I like it because it allows me to build and maintain a site for free and then when I have it "just the way I want it" I can upgrade it and have a "commercial" domain name and additional features (such as email).  It comes with a sitebuilder program that is easy to use.
What I don't like about it is that until you upgrade your web address is ------.webs.com, but for free you really can't complain much about that.  Upgrading is not expensive.
Here's what I'm working on there:  http://www.honakerfarm.webs.com/

In another life...I used Homestead.com   
They'll build your site for you to begin with if you want...crazy fee for that though.
They have an online sitebuilder but your ability to do things there is limited.  If you want full ability to manage your site you need to download their sitebuilder program.  I found it to be ok on some computers but others it would "jam" and become troublesome.
I would direct you to the website that I ran on Homestead but since you'd only be able to view the homepage (rest is password protected) there's not much point as you wouldn't be able to see much.

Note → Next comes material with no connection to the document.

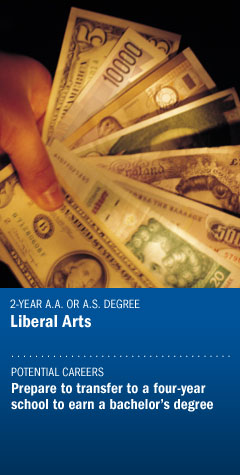 Liberal Arts - Economics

You can also register a domain name from any number of sites and then build a website with any number of computer programs or have one built for you and link it to the domain.

Good luck and have fun!


----------



## TheMixedBag (Jul 11, 2011)

I use webs.com as well, and I have to say I love it. I still use the free version, can't be bothered to pay to get rid of the extra .webs.com portion of my url.

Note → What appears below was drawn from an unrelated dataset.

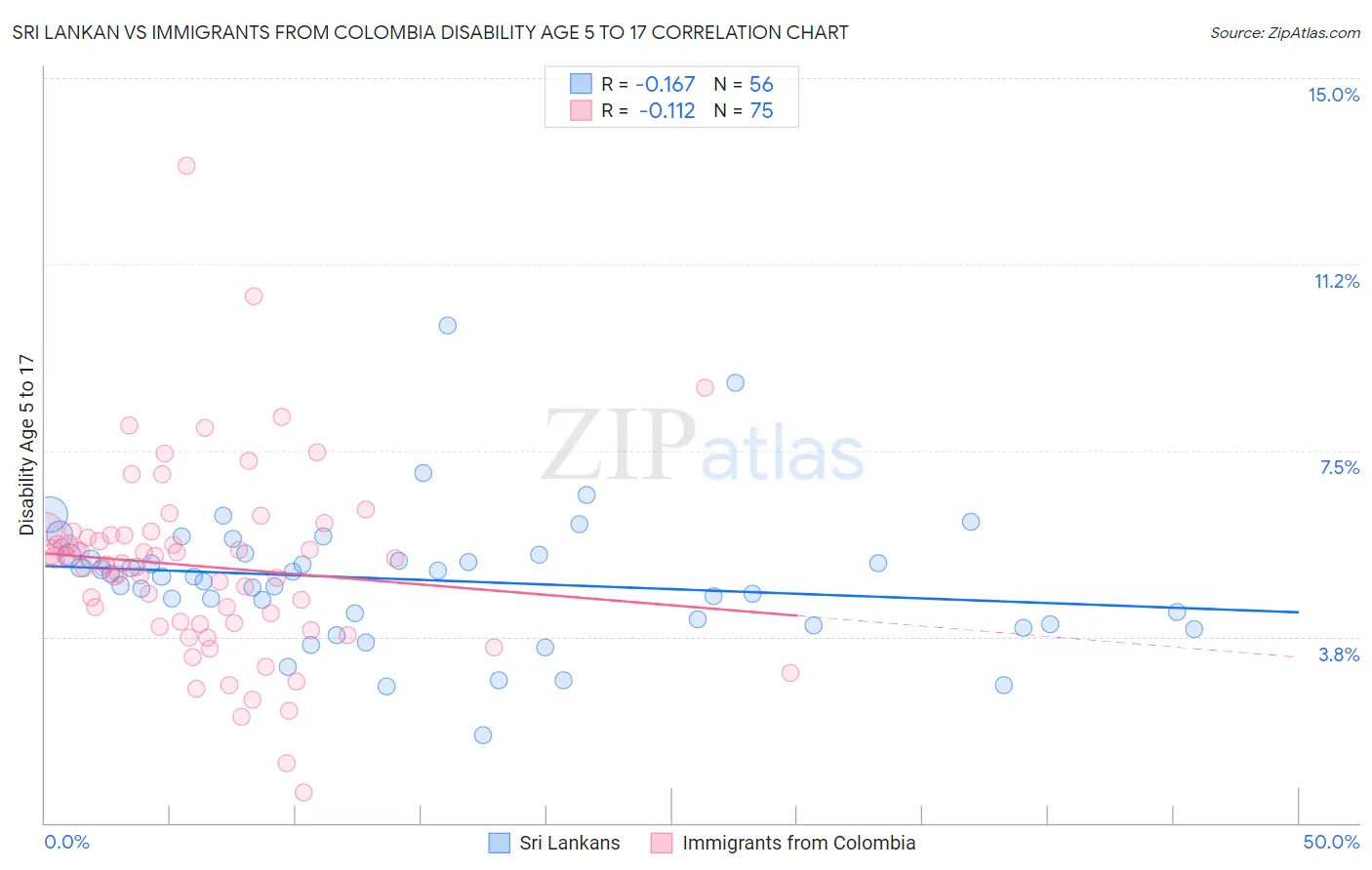 Sri Lankan vs Immigrants from Colombia Disability Age 5 to 17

I definitely like the way their sitebuilder is set up. Easy to use and it even links straight to photobucket, which is great for me because that's the only thing I use to upload photos. It also works just fine with HTML from other sites (like my site counter at the bottom of the page), and the "pre-built" page templates are awesome. The location page even has a built-in map.
This is the site I use: http://critescaprines.webs.com/


----------



## Roll farms (Jul 11, 2011)

I use Lycos (Tripod).  I like the sitebuilder they have.  I built it / started w/ the free then started paying when I was done.  8.95 a mo.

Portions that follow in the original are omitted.